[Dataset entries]

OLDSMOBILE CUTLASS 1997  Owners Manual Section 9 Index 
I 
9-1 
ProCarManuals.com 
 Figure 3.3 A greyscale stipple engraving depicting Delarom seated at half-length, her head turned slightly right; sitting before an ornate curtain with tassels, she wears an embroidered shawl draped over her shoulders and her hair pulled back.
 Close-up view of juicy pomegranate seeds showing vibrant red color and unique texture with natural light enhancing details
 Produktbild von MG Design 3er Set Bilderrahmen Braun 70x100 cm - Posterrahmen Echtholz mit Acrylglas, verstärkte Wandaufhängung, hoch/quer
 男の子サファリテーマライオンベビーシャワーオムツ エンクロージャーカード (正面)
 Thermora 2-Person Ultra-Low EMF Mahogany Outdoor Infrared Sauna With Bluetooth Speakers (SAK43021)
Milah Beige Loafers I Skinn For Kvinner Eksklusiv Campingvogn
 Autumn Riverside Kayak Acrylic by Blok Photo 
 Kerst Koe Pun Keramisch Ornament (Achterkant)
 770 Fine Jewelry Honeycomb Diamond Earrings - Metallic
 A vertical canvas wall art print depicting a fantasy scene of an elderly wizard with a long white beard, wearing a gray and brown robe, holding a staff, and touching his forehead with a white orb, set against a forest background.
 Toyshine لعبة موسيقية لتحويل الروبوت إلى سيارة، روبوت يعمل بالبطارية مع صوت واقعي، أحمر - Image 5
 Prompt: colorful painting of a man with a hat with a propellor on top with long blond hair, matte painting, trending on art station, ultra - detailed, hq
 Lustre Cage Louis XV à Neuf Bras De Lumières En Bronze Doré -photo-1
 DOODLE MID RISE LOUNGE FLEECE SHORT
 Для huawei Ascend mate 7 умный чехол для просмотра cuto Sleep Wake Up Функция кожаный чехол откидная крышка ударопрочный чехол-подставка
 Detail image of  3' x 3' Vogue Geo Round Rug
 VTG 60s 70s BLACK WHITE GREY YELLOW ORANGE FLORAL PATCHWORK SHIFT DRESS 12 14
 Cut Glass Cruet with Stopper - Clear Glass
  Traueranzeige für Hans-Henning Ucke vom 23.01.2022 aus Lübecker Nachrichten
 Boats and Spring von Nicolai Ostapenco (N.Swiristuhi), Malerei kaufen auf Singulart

§ **Task item**
Write the records above out again precisely.

§ **Response**
OLDSMOBILE CUTLASS 1997  Owners Manual Section 9 Index 
I 
9-1 
ProCarManuals.com 
 Figure 3.3 A greyscale stipple engraving depicting Delarom seated at half-length, her head turned slightly right; sitting before an ornate curtain with tassels, she wears an embroidered shawl draped over her shoulders and her hair pulled back.
 Close-up view of juicy pomegranate seeds showing vibrant red color and unique texture with natural light enhancing details
 Produktbild von MG Design 3er Set Bilderrahmen Braun 70x100 cm - Posterrahmen Echtholz mit Acrylglas, verstärkte Wandaufhängung, hoch/quer
 男の子サファリテーマライオンベビーシャワーオムツ エンクロージャーカード (正面)
 Thermora 2-Person Ultra-Low EMF Mahogany Outdoor Infrared Sauna With Bluetooth Speakers (SAK43021)
Milah Beige Loafers I Skinn For Kvinner Eksklusiv Campingvogn
 Autumn Riverside Kayak Acrylic by Blok Photo 
 Kerst Koe Pun Keramisch Ornament (Achterkant)
 770 Fine Jewelry Honeycomb Diamond Earrings - Metallic
 A vertical canvas wall art print depicting a fantasy scene of an elderly wizard with a long white beard, wearing a gray and brown robe, holding a staff, and touching his forehead with a white orb, set against a forest background.
 Toyshine لعبة موسيقية لتحويل الروبوت إلى سيارة، روبوت يعمل بالبطارية مع صوت واقعي، أحمر - Image 5
 Prompt: colorful painting of a man with a hat with a propellor on top with long blond hair, matte painting, trending on art station, ultra - detailed, hq
 Lustre Cage Louis XV à Neuf Bras De Lumières En Bronze Doré -photo-1
 DOODLE MID RISE LOUNGE FLEECE SHORT
 Для huawei Ascend mate 7 умный чехол для просмотра cuto Sleep Wake Up Функция кожаный чехол откидная крышка ударопрочный чехол-подставка
 Detail image of  3' x 3' Vogue Geo Round Rug
 VTG 60s 70s BLACK WHITE GREY YELLOW ORANGE FLORAL PATCHWORK SHIFT DRESS 12 14
 Cut Glass Cruet with Stopper - Clear Glass
  Traueranzeige für Hans-Henning Ucke vom 23.01.2022 aus Lübecker Nachrichten
 Boats and Spring von Nicolai Ostapenco (N.Swiristuhi), Malerei kaufen auf Singulart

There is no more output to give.